Last week, local thrift store and resource conservation nonprofit WabiSabi granted $750 to Bee Inspired Gardens to install one of the organization’s newest pollinator community gardens at Grand County Middle School. Students in the eighth-grade environmental science class will be designing and planting the water-wise, multi-use space on a small plot right outside their classroom window.
On Tuesday, Oct. 18, pollinator landscape and bee experts visited the students in class to start the design process.
“I like the idea of it, and we have a really good area that has irrigation already,” said eighth-grade biology teacher Kelly Wilson, who spearheaded the project for her environmental science class. “All we need money for is the plants. The kids are benefiting from it; they get to design it, and they’re learning about native plant species and native insects. Then we’ll have this nice area at the school that’s multipurpose and can be a study area, too.”
Last spring, she and her biology class planted a pollinator garden at the Old Spanish Trail Arena in partnership with BIG and the Grand County Water Conservancy District. That garden is thriving, said Riddle, who spearheaded that project.
“The Moab BIG is a great project,” Riddle said. “Pollinator awareness is really needed. As people become aware about pollinators, they become more aware of the ecology around them.”
In order to preserve the positive situation for pollinators in this region, Grand County passed an ordinance last year prohibiting beekeepers from bringing migratory bees into the county south of Interstate 70.
Such prohibitions are rare across the country, and this year’s Utah legislative session brought a bill seeking to make such ordinances illegal.
It didn’t pass, but the right to preserve local bee health through local ordinances will likely have to be defended again in the future, Shue told the county council.

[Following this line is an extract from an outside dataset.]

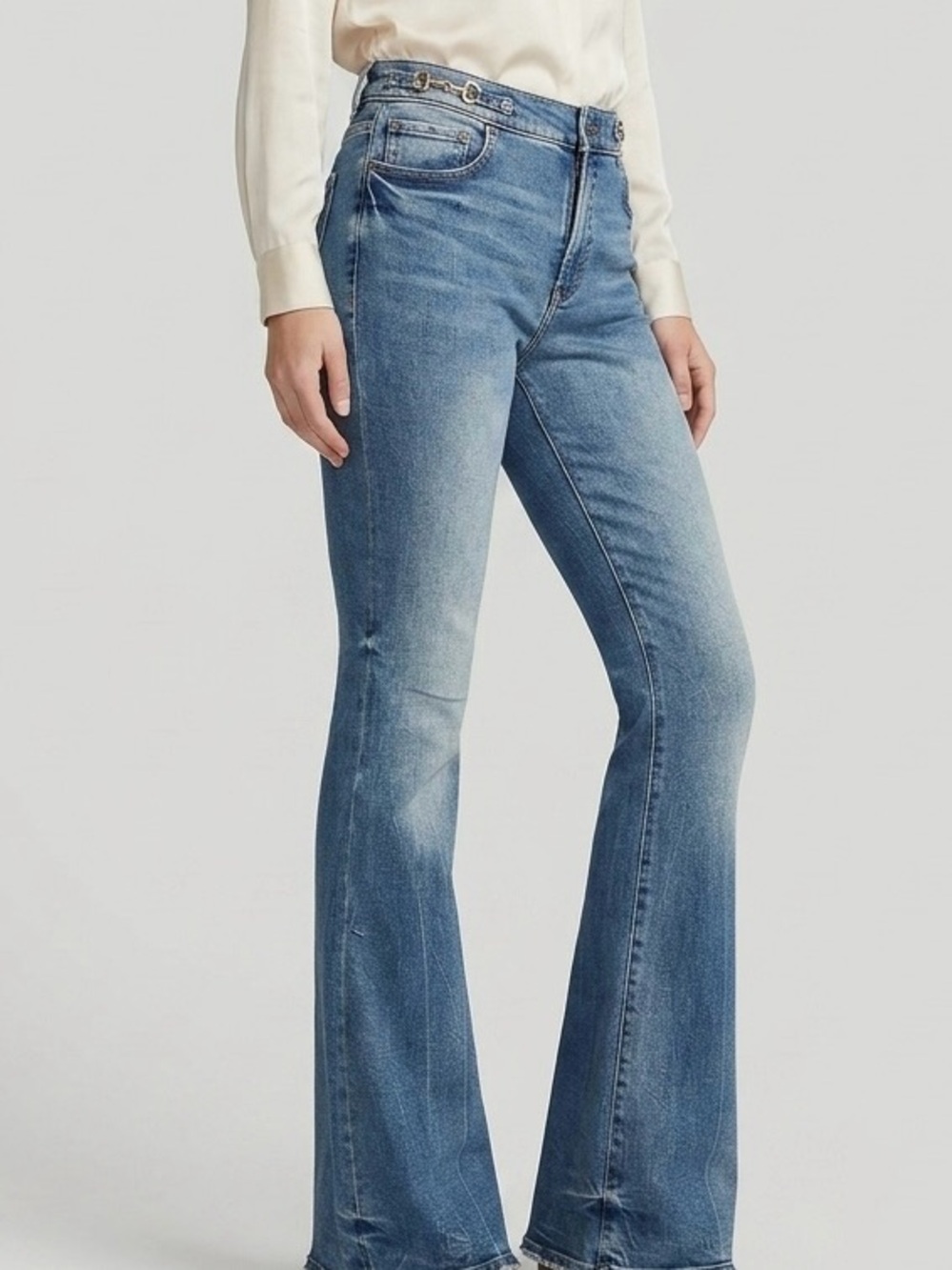 Express Mid-Blue High-Rise Flare Jeans size 12 tall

Such ordinances make bee migration more complicated, which can ultimately add costs to overall food production.
Pollinator losses have led to alarming headlines predicting a honeybee apocalypse, but that is a misunderstanding of the statistics, according to Utah Department of Agriculture and Food Information Officer Larry Lewis.
“One of the things that maybe we didn’t make clear to the media (is that) when you hear these numbers, it doesn’t mean every year there’s a die-off,” Lewis said. “It means beekeepers have had to spend their money to repopulate. Beekeepers have had to absorb the cost of repopulating to make up for those losses.”
Utah’s honey production is relatively small, valued at about $2 million per year for beekeepers, from nearly 30,000 reported colonies, according to the Utah Department of Agriculture and Food.
The honeybee industry exerts a much larger impact on agriculture, with pollination activities helping produce about 30 percent of our food supply. Utah’s agriculture industry, including production and processing, is valued at more than $17.5 billion.
The Utah State Department of Agriculture and Food appreciates the work of county bee inspectors like Shue, and recognizes that local action is the most effective means of improving the situation for pollinators across the entire state, State Apiary Inspector Stephen Stanko said.
Planting habitat for pollinators and following the directions when applying any sort of pesticide are the two most important contributions community members can make to improving the health of pollinators, he said. Beekeepers can register their hives and participate actively in the local beekeeping community, he added.
“Spread the word; talk to people,” Stanko said. “Make it a topic of conversation so more people are aware. It’s a very solvable problem.”
Bees are livestock. If you think about it from that perspective, you’re constantly trying to improve the genetics of your livestock.